L'émergence de l'éco-sapiens et des nouvelles technologies n'a pas fini de
bousculer l'ancienne économie et sa manière de faire du marketing. Voir la vie
en vert peut lui rapporter gros à condition toutefois de tenir ses promesses...
Le Club Proforêts
Créé sous l'égide du WWF, le Club Proforêts, lancé au mois de juin dernier, a pour objectif de rassembler des entreprises qui s'engagent au service d'une exploitation raisonnée et durable du patrimoine forestier de l'exploitation jusqu'à la distribution. Parmi les sept entreprises fondatrices, on compte Carrefour, les 3 Suisses, Nature et Découverte. A travers ce club, WWF établit un partenariat sur le développement de la certification des forêts et de la labellisation des produits issus de leur exploitation. Il soutient en particulier le label FSC (Forest Stewardship Council) ou conseil de gestion responsable des forêts. Cette organisation non gouvernementale internationale est la seule, à ce jour, à avoir établi un système fiable de certification forestière et de labellisation des produits bois. Les entreprises s'engagent, à court ou moyen terme, à utiliser ou commercialiser du bois ou des produits dérivés provenant de forêts préalablement certifiées conformes aux critères du FSC. La France rejoint ainsi un réseau international de clubs similaires qui regroupent déjà près de 500 entreprises dont Ikéa.
Think : la voiture bio
Ford est le seul constructeur automobile à avoir confié à une marque spécifique, Think, la tâche de trouver des réponses aux nouvelles attentes en matière de mobilité avec des produits respectueux de l'environnement.
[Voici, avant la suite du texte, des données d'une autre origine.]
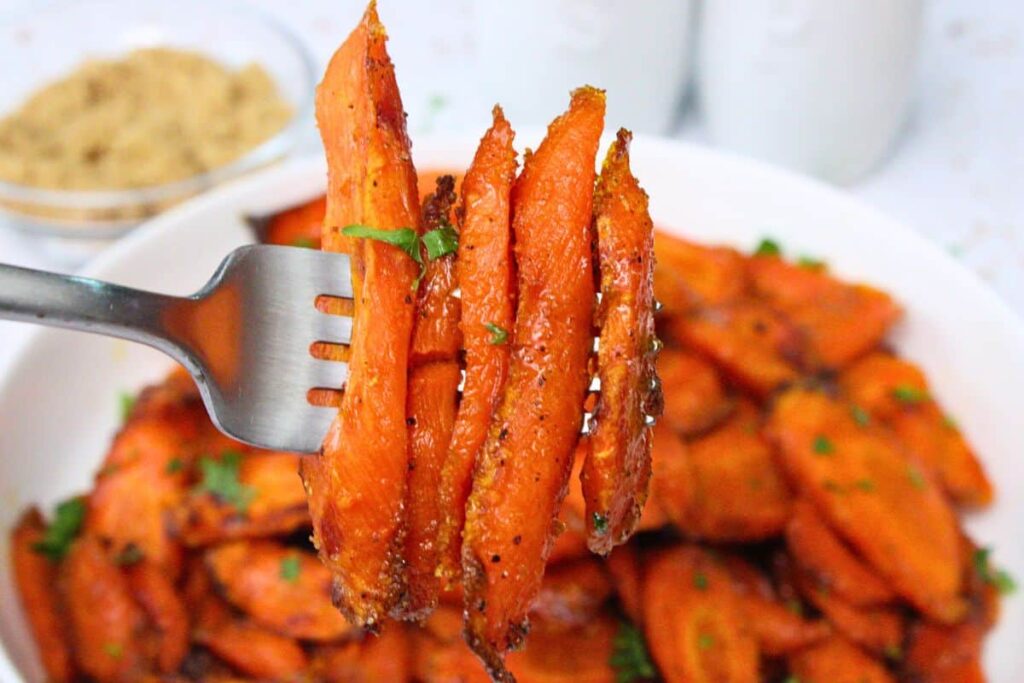 holding up a fork with slices of roasted air fryer brown sugar carrots over a bowl of more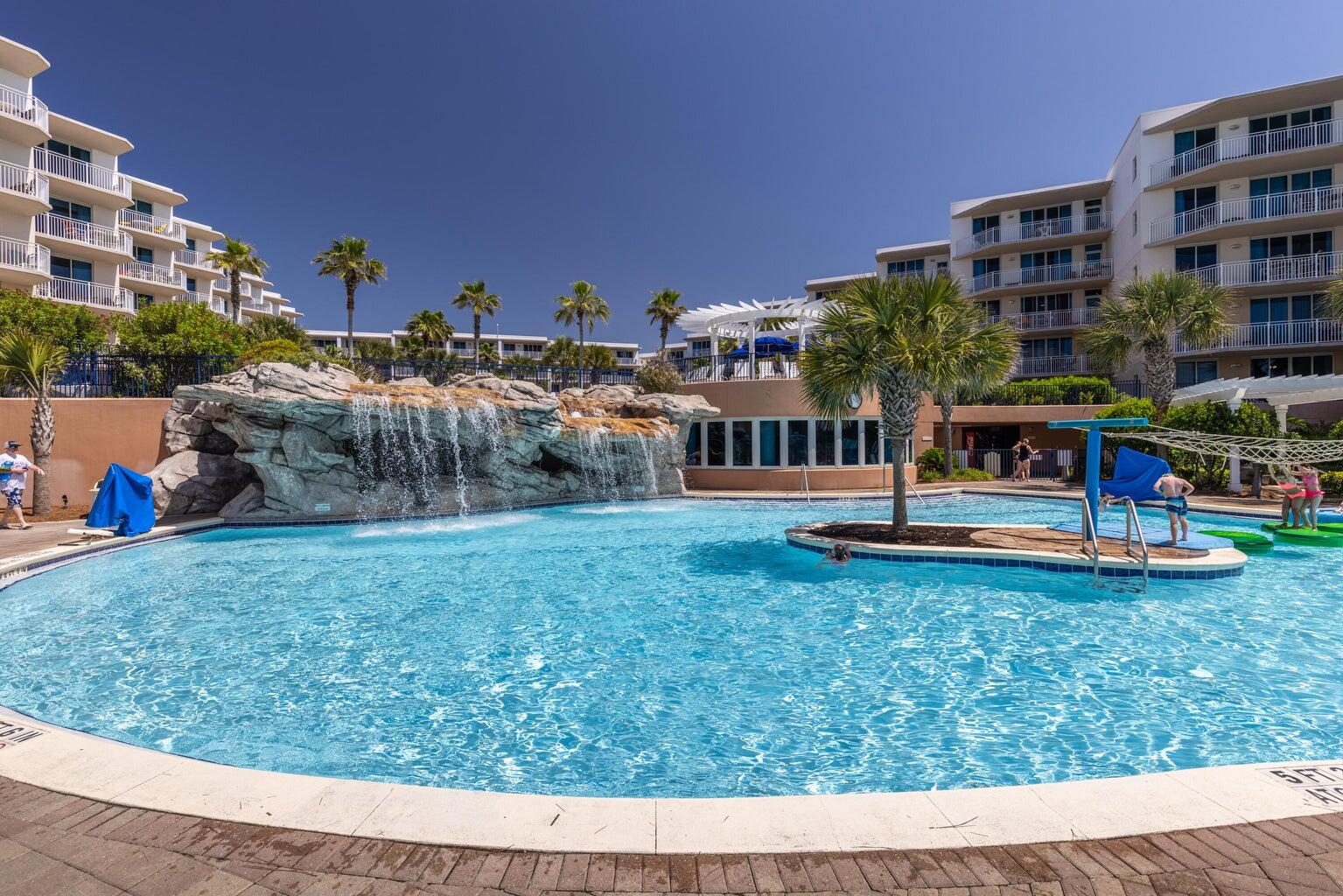 Waterscape! the Emerald Coast's favorite Beach Front Resort!  Rare opportunity to purchase this Courtyard facing unit! This spacious 1,292 sq ft condo sleeps 8 comfortably and boasts 2 bedrooms + bunk room and 2-1/2 baths. Interior features include low maintenance tile including wood look tile flooring, stainless appliances, granite kitchen counter tops, 8' 10'' ceilings, crown molding, beautifully furnished, luxurious baths w soaking tubs and huge separate showers, 8' deep, over sized balcony w/ access from the living area, master bedroom and guest bedroom. Waterscape amenities include a fabulous courtyard, featuring two levels of pools( one heated),toddler play park, Lazy River, Waterfall, numerous gas grills, located on both pool decks, tiki hut bar & grill, fitness center, beach -  outdoor showers, handicap accessibility, covered parking garage, pet stations ( pets allowed for owners only) 24 / 7 on-site security, on-site rental desk and best of all 490' of Gulf front Beach access!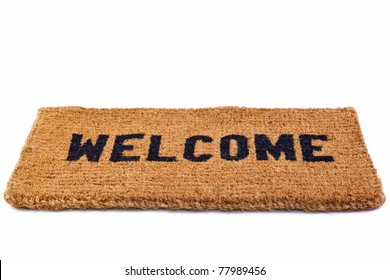 Photo of a welcome door mat isolated on a white background.
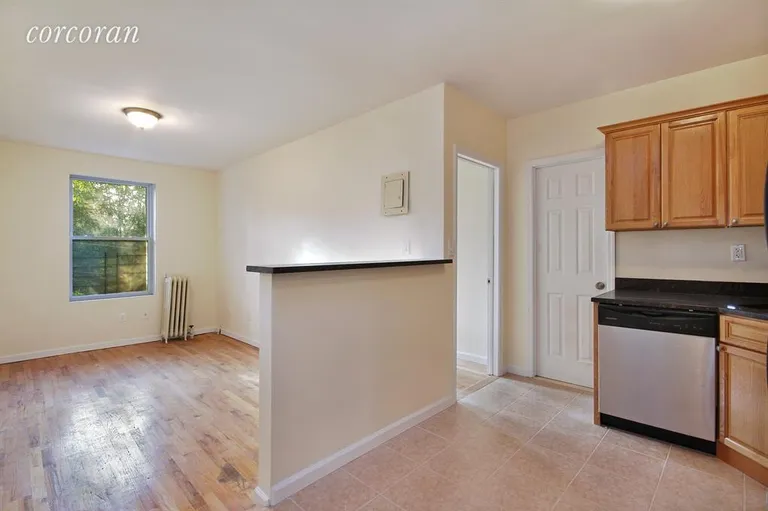 New York City Real Estate | View 12 Mother Gaston Boulevard, 3 | Kitchen / Living Room | View 2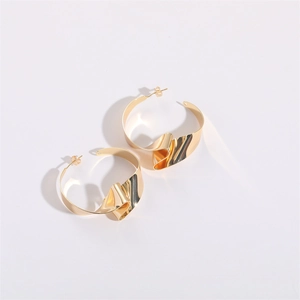 Close-up of golden irregular pleated hoop earrings with 14K gold polished finish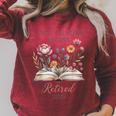 Retired 2026 Teacher Women A New Chapter Begins Floral Book Raglan Sleeve Sweatshirt Heather Dust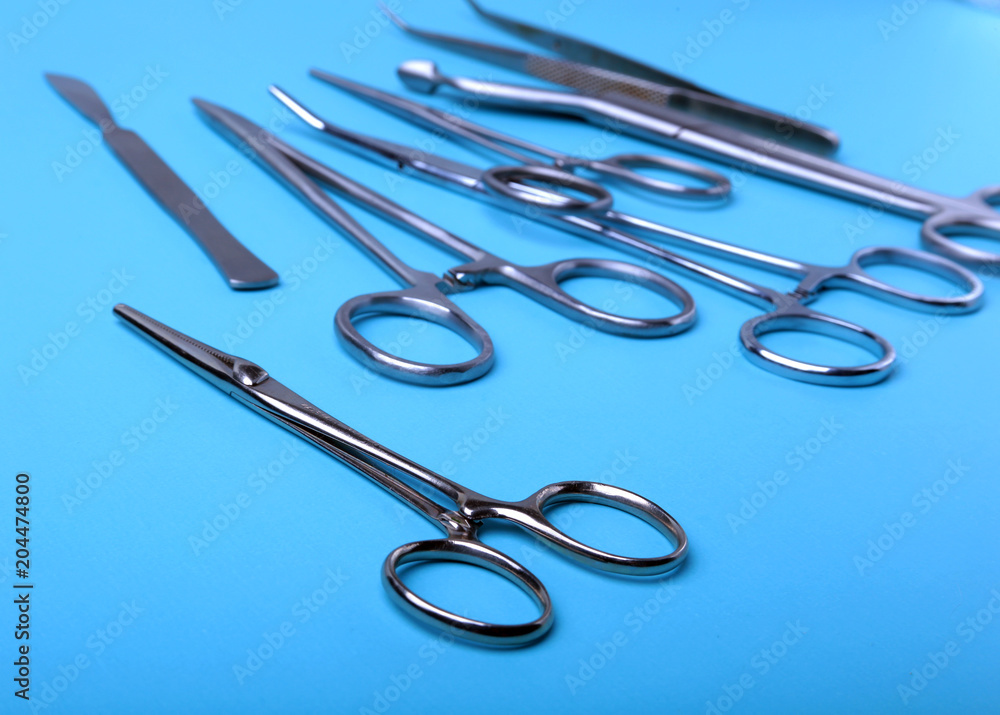 surgical instruments and tools including scalpels, forceps and tweezers arranged on a table for a surgery. surgical instruments and tools including scalpels, forceps and tweezers arranged on a table for a surgery.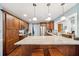 Spacious kitchen with a large granite island, stainless steel appliances, and custom wood cabinets at 3408 W San Jose St, Tampa, FL 33629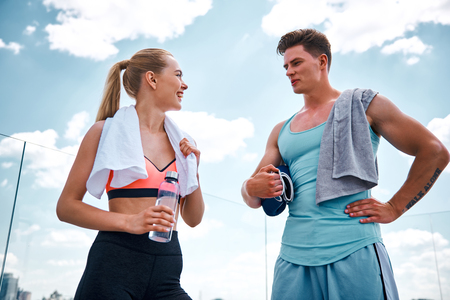 Low angle of cheerful woman and man standing and talking after training in open air. Girl is holding bottle of water while guy is keeping boxing gloves. They are using towels on shoulders and looking at each otherの写真素材
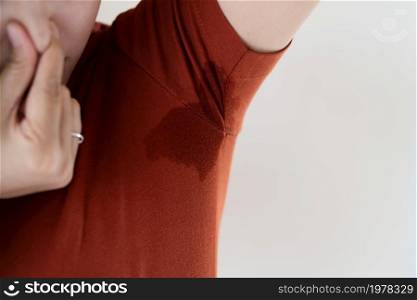 woman with hyperhidrosis sweating. Young Asia woman with sweat stain on her underarm clothes. Healthcare concept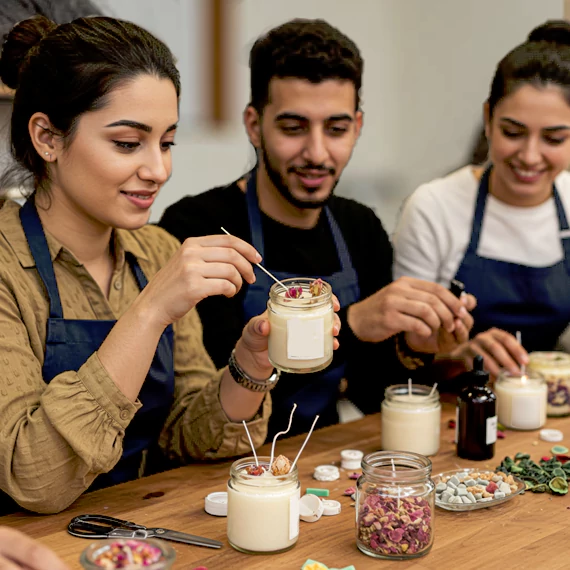 Corporate professionals participating in a candle-making workshop in Dubai, crafting personalized candles as part of a creative corporate learning experience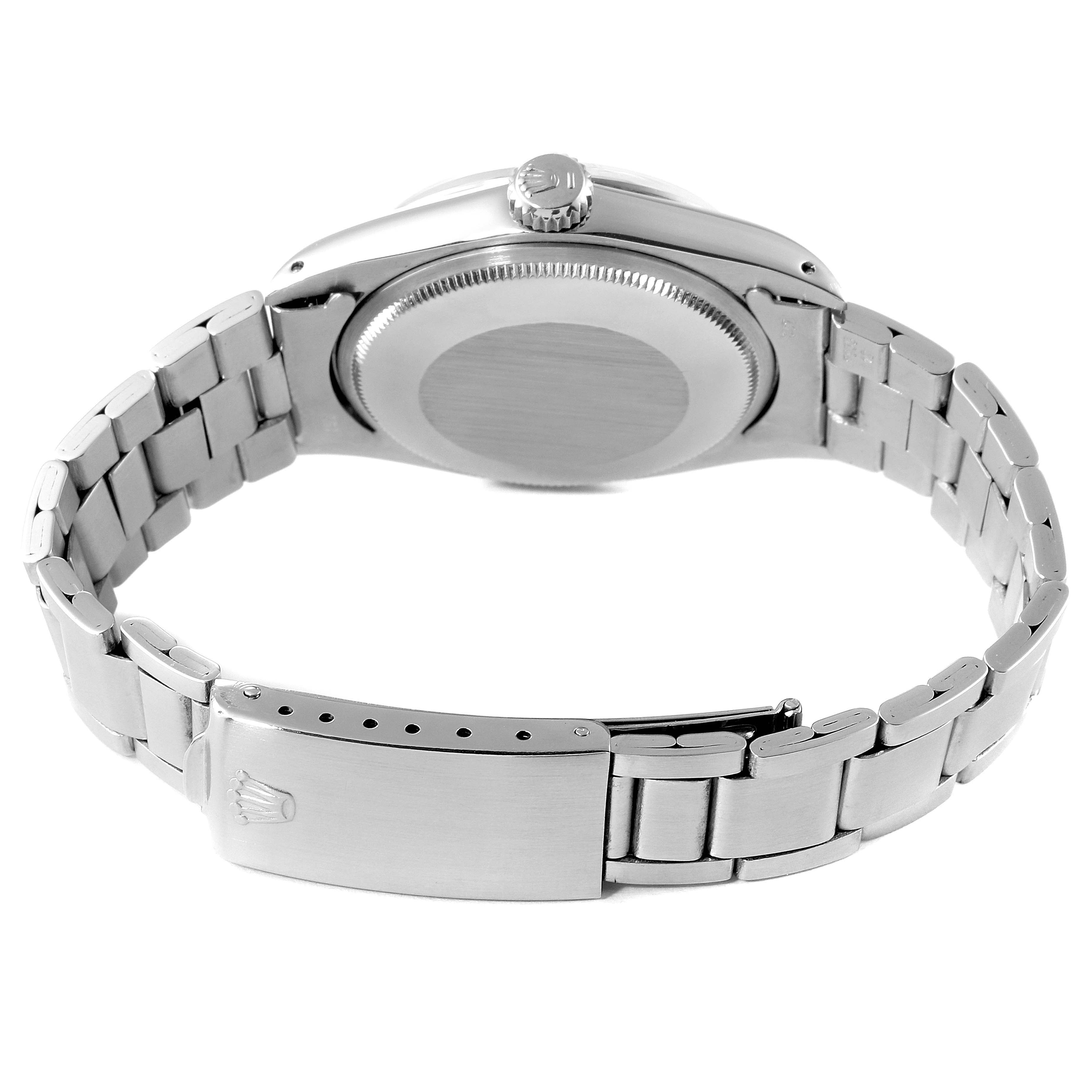 This Rolex Date 1500 Men's Stainless Steel Silver Dial 1500 Men's Stainless Steel Silver Dial model watch is shown from the back, displaying the case back, crown, and bracelet with the clasp.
Ainsi, la Think city est une petite voiture électrique urbaine de moins de 3 mètres, silencieuse, sans émission et dont la carrosserie résiste aux rayures et aux chocs. La Think neighbor, comme son nom l'indique, à deux ou quatre places, est destinée à des déplacements de quartier. Quant aux vélos électriques, les Think bike, ils permettent d'élargir l'utilisation du vélo classique. « Plus que son simple potentiel de croissance, cette marque a rehaussé notre réputation dans le domaine de l'environnement. En outre, Think est une organisation très créative qui deviendra un vrai réservoir d'idées, où Ford pourra développer et commercialiser des technologies de pointe en faveur de l'environnement », explique Jakob Alkil, directeur du marketing et des ventes de la marque en Europe. Dans le cadre de son "cas d'école Ford", le fabricant fait plancher cette année des étudiants des universités et des écoles de commerce sur le thème de la place de la voiture en ville.